Jane Jepkorir Kiptoo Chebaibai is a Kenyan politician who served as the Woman Representative for Elgeyo Marakwet County in the National Assembly. She previously worked in the public service and was appointed chairperson of the Board of Directors of Bomas of Kenya.

== Early life and education ==
Chebaibai attended Kimnai Primary School, where she obtained her Kenya Certificate of Primary Education. She later studied at Moi Girls Kapsowar, earning her Kenya Certificate of Secondary Education in 1996. In 2016, she obtained a certificate from Alphax College. She holds a bachelor's degree in psychology from African International University.

== Career ==
Before becoming a politician, Chebaibai worked in public service.

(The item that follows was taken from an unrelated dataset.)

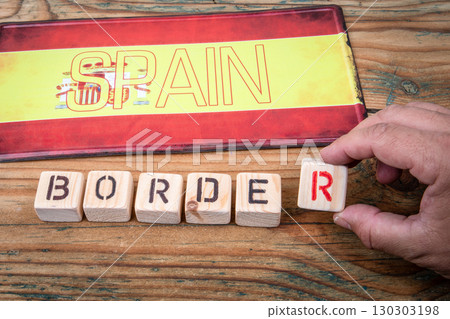 Spain border control concept with national flag and wooden letter blocks on rustic table Spain border control concept with national flag and wooden letter blocks on rustic table 130303198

She served as a clerical officer at Kenya Railways from 2002 to 2005. She later joined the Kenya Prisons Service, where she worked as a constable from 2006 to 2017.

On 10 February 2023, she was appointed chairperson of the Board of Directors of Bomas of Kenya by President William Ruto.

=== Political career ===
In the 2017 Kenyan general election, Chebaibai was elected as Woman Representative for Elgeyo Marakwet County on a Jubilee Party ticket, assuming office on 31 August 2017. She contested re-election in the 2022 general election representing United Democratic Alliance (UDA) but lost to independent candidate Caroline Ngelechei, who won with 104,928 votes against Chebaibai's 58,928 votes.

During her tenure in the 12th Parliament (2017–2022), she served on the Departmental Committee on Sports, Tourism and Culture and the Committee on National Cohesion and Equal Opportunity.